I've recieved this response from several other people as well. I was
going to handle the problem by email, but it keeps coming up.
C is predictable only if you know in advance whether X was greater than
Y. If I knew that, I wouldn't have tested it. This is what I meant
when I said that neither language is defined in such a way as to be
able to tell a priori (from the first) whether the function would be
evaluated or not. This means that I can't optimize by doing the function
and the compare simultaneously (actually, in Fortran I _can_ optimize like
that, but the user can't portably rely on it). It also means that I can't
apply the mathematical properties of the 'or' operator to correctness
proofs of the program.
J. Giles
Steve Correll
> From article <20...@key.COM>, by s...@key.COM (Steve Correll):
> > In article <58...@lanl.gov>, j...@lanl.gov (Jim Giles) writes:
> >> > X .GT. Y .OR. L(Z)
> > [...]
> > C is predictable. The Fortran standard says that the processor _need_ _not_
> > execute the function L if X exceeds Y, and that therefore the program must
> > assume Z is undefined. The C standard for "(x > y) || l(&z)" says that the
>
> C is predictable only if you know in advance whether X was greater than
> Y. If I knew that, I wouldn't have tested it. This is what I meant
> when I said that neither language is defined in such a way as to be
> able to tell a priori (from the first) whether the function would be
> It also means that I can't
> apply the mathematical properties of the 'or' operator to correctness
> proofs of the program.
Perhaps we simply define "predictable" and "a priori" differently, but
consider the following. Even though you don't know the value of x in advance,
the C code is legal and its behavior predictable; the Fortran is neither:
if ((x < 0.0) || (sqrt(x) < 10.0)) ...
IF ((X .LT. 0.) .OR. (SQRT(X) .LT. 10.0)) ...

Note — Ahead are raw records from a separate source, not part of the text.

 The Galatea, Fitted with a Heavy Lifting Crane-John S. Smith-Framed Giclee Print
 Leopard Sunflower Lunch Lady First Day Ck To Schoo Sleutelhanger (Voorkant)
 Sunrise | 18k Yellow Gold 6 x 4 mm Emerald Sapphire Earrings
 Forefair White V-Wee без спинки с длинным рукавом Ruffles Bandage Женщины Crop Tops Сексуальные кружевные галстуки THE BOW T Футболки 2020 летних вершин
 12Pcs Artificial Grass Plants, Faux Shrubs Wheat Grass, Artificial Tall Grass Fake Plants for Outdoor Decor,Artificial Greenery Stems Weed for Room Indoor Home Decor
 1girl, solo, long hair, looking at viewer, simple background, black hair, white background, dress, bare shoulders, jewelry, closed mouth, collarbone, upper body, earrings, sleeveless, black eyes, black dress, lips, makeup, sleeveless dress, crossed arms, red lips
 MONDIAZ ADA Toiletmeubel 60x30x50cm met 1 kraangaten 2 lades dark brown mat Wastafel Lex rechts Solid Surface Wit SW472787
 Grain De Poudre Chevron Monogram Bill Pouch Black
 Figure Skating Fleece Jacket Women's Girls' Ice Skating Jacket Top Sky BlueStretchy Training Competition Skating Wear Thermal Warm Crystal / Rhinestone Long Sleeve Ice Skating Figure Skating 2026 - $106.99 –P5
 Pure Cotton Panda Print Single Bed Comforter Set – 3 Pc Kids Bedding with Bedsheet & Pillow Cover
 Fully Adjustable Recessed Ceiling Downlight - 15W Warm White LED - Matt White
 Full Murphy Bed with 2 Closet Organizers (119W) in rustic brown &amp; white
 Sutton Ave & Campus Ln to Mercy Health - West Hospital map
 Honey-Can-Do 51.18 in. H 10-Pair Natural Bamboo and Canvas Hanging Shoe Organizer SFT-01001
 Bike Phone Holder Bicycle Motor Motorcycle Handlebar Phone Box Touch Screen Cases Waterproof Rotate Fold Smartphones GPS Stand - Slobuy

If x is negative, a legal C processor will not call sqrt, but a legal Fortran
processor may or may not--in fact, it could vary with the phase of the moon!
By refusing to define the order of evaluation, Fortran gives the processor
more freedom (e.g. to optimize).
When proving correctness of a C program, notice that:
if (p0 || p1) s0;
is equivalent to:
if (p0) s0; else if (p1) s0;
Walt Brainerd
> ... the C code is legal and its behavior predictable; the Fortran is neither:
> ^^^^^^^^^^^^^^^^^^^^^^
> if ((x < 0.0) || (sqrt(x) < 10.0)) ...
> IF ((X .LT. 0.) .OR. (SQRT(X) .LT. 10.0)) ...
>
is predictable; how the result is obtained is not, which is exactly the
point of optimization. The difference is when you rely on function
side effects, important in C, but never should be done in Fortran.
--
Walt Brainerd Sun Microsystems, Inc.
w...@eng.sun.com MS MTV 5-40
Mountain View, CA 94043
415/336-5991
Jim Giles
> if ((x < 0.0) || (sqrt(x) < 10.0)) ...
> IF ((X .LT. 0.) .OR. (SQRT(X) .LT. 10.0)) ...
>
> If x is negative, a legal C processor will not call sqrt, but a legal Fortran
> processor may or may not--in fact, it could vary with the phase of the moon!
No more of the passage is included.